Make a 1.6L yeast starter using DME (OG~1.038) and Wyeast 1038 (London Ale III) and 1/4tsp of nutrient. Stir on stir-plate for 36 hours before putting it into the refrigerator for 4 days. Remove starter from the fridge on the morning of brew day and decant cold beer off of the yeast cake. Let yeast cake raise to RT during the ~6 hours of brewing and then pitch the slurry.

Does this look OK? Also, should I activate the Smack-pack here before adding it to the starter or just warm to RT and add to the flask? Thanks!
 
- I think your plan is just fine.
- I always smack the pack a few hours before building the starter so it's warmed up to RT in time to pitch.
- You could shorten the stir plate run to 24 hours or even less if it helps with your schedule.

I've actually never had a stir plate starter take more than 18 hours to reach terminal gravity, though I suppose I should mention I kick mine off with a healthy dose of straight O2...

Cheers!
 
I only run my starters for about 18 hours, chill overnight, then it is usually late afternoon when I decant and pitch. After you decant the beer off the yeast it should only take 15 -30 minutes to come to room temperature. Though, if covered 6 hours would not hurt anything. Given the 4 days in the fridge, I would slightly overbuild my starter to account for a small loss of viability. Maybe you have already accounted for that.
 
That's a good point. I'll make the starter a little bigger than beersmith predicts. Thanks!

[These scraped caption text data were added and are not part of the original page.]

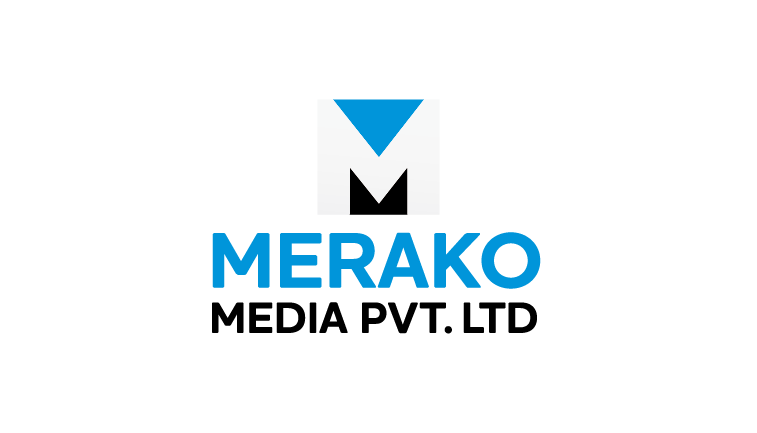 Merako Media Pvt Ltd profile on Qualified.One
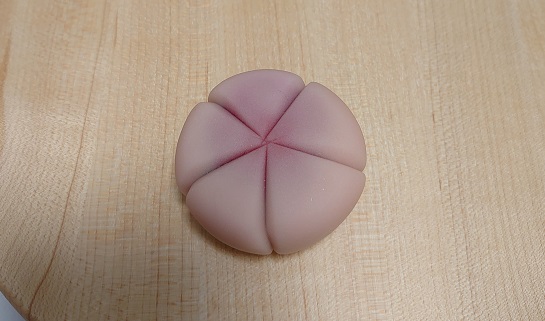 f:id:kousui5724:20200813223729j:plain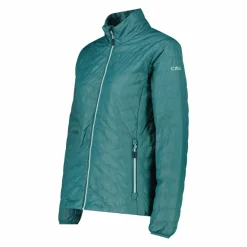 Steppjacke für Damen><noscript><img width=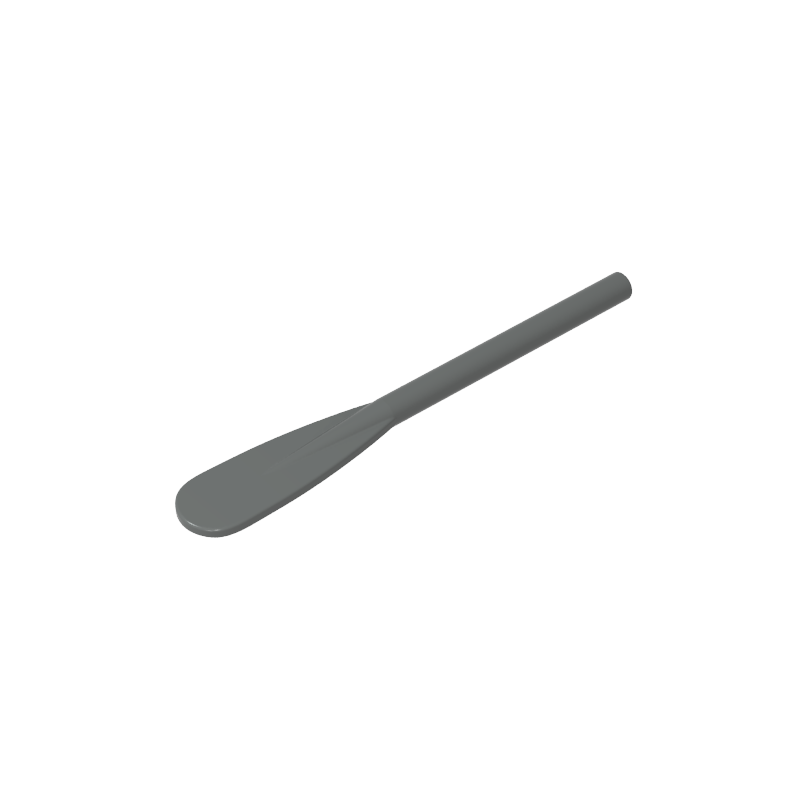 GDS-2117-072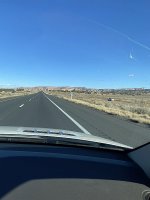 Outbound04.jpg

I routinely do what you've described and always have good success with my primaries so I'd say you're fine. As for going over a little on the starter, it's definitely a good idea for extended storage. I once stored a starter in a mason jar after I chilled and decanted for 2 weeks and it still pitched fine. Obviously lost a little viability but still clearly better than direct pitch.
 
I routinely do what you've described and always have good success with my primaries so I'd say you're fine. As for going over a little on the starter, it's definitely a good idea for extended storage. I once stored a starter in a mason jar after I chilled and decanted for 2 weeks and it still pitched fine. Obviously lost a little viability but still clearly better than direct pitch.